Wenn ein Lebenspartner, aus welchen Gründen auch immer, keinen Unterhalt zahlt, dann soll dieser Unterhaltsvorschuss eigentlich helfen, Armut zu verhindern. Doch noch immer wird der Unterhaltsvorschuss mit anderen Sozialleistungen verrechnet, zum Beispiel mit dem Kindergeld. Besonders fatal: Kinder ab dem zwölften Lebensjahr bekommen gar keinen Unterhaltsvorschuss, wenn die oder der Alleinerziehende nicht arbeitet und mindestens 600 Euro verdient.

Der Landesverband der Alleinerziehenden hat diesen Missstand in der Anhörung sehr deutlich und zu Recht scharf kritisiert und auch davon gesprochen, dass die neuen Regelungen den alleinerziehenden Familien in keiner Weise einen Cent bringen. Hier werden wieder einmal Sozialleistungen – ich will es einmal so sagen – nach dem Prinzip linke Tasche/rechte Tasche hin- und hergeschoben.

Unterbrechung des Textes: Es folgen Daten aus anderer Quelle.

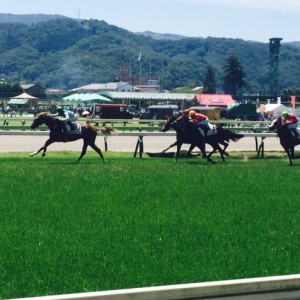 福島2Ｒ未勝利戦　　ゴール前100ｍ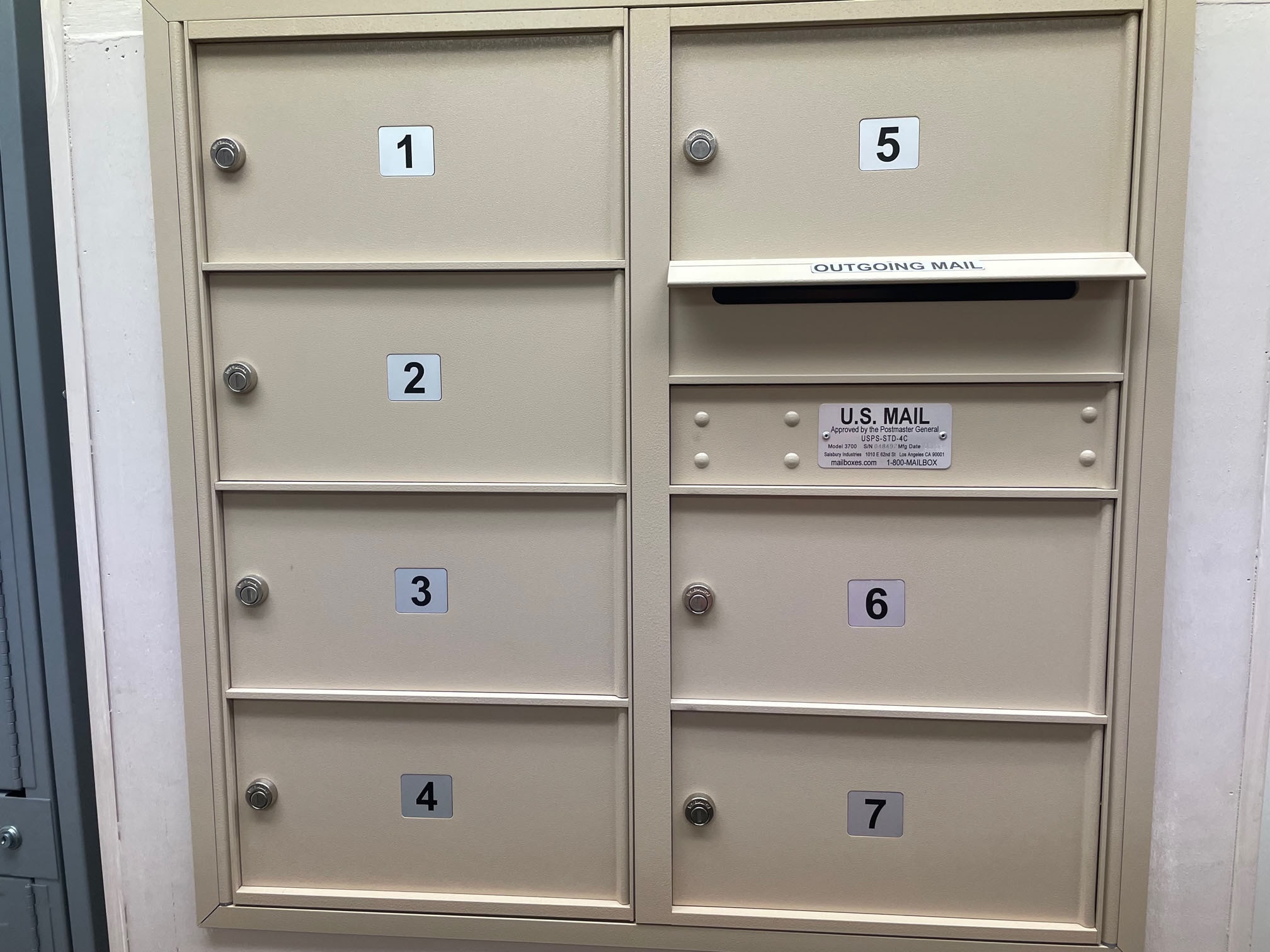 6 E 2nd St, London, OH for lease Interior Photo- Image 1 of 4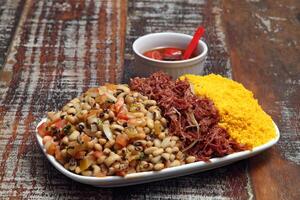 String beans, dried meat and farofa photo
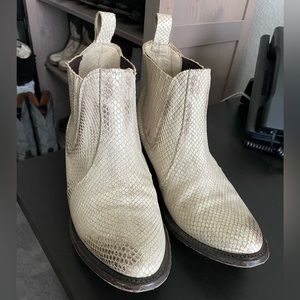 *SOLD* Freebird by Steven - Lasso - Sz10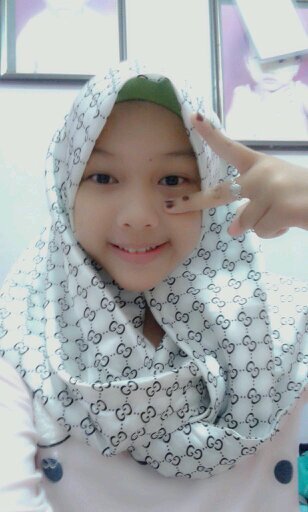 Malika ouvsir||pin 7524AC15
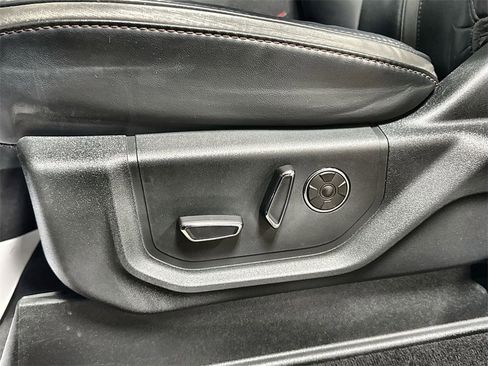 Used 2022 Ford F250 Platinum w/ FX4 Off-Road Package image 13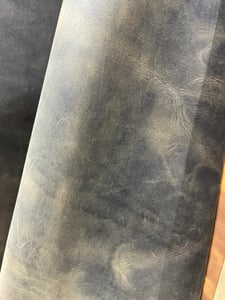 Distressed Green Footwear Leather Material - Quality Leather Product Manufactured By Pelle Deri Tekstil Sanayi Ve Ticaret Anonim Sirketi. Contact For B2B Orders.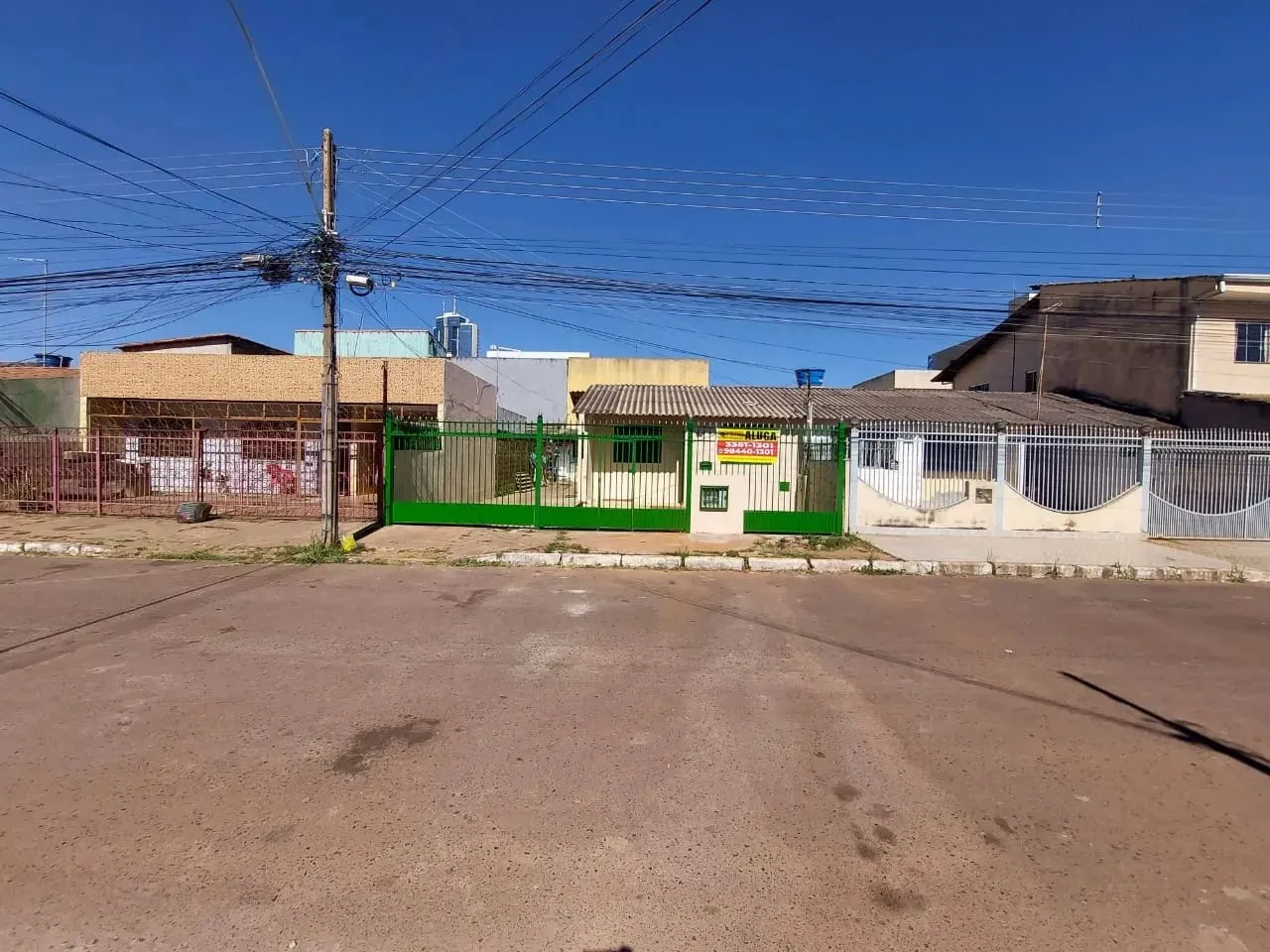 QNM 34 Casa 2Qts, a poucos metros do Shopping JK, Atacadista, Av. Hélio Prates, dentre out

Das Dresdner Jugendamt hat das in der Anhörung auch bestätigt. Der erweiterte Unterhaltsvorschuss kommt eben in Dresden bei Dreiviertel aller Kinder überhaupt nicht an. Wir GRÜNEN haben die Reform aus diesem Grunde von Anfang an kritisiert, und das erklärte Ziel, die Kinderarmut zu bekämpfen und Alleinerziehende zu bestärken, wird so nicht erreicht.